*The records*
BEGIN

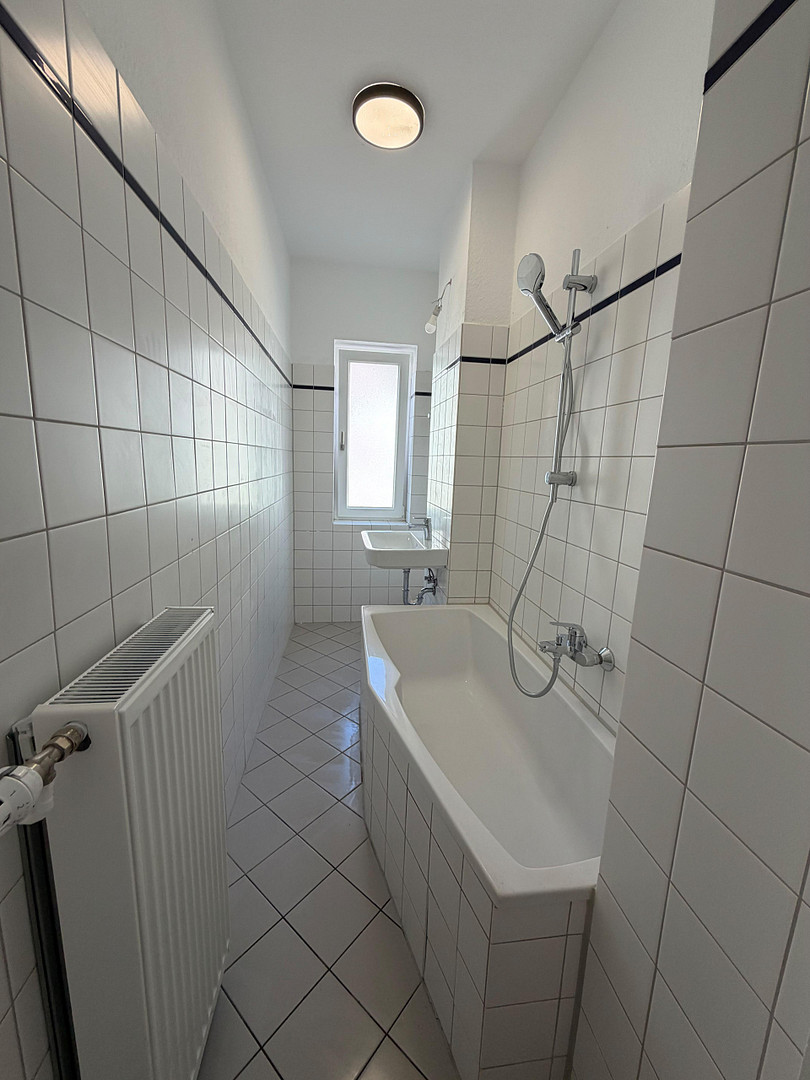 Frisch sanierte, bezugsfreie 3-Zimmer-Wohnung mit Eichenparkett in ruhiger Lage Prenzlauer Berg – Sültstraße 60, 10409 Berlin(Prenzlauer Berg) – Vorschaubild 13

END
BEGIN

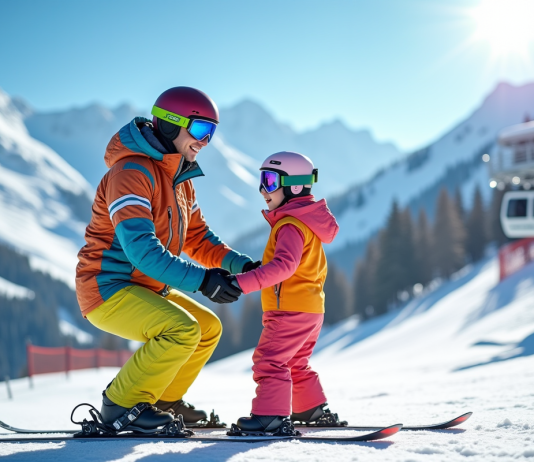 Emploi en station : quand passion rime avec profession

END
BEGIN

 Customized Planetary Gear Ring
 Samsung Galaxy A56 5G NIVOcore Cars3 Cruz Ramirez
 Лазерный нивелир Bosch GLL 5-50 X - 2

END

*What the exercise asks*
With the first line being the one containing "Customized Planetary Gear Ring" and the last line the one containing "Лазерный нивелир Bosch GLL 5-50 X - 2", transcribe exactly the lines above that fall in that range.

*Response area*
 Customized Planetary Gear Ring
 Samsung Galaxy A56 5G NIVOcore Cars3 Cruz Ramirez
 Лазерный нивелир Bosch GLL 5-50 X - 2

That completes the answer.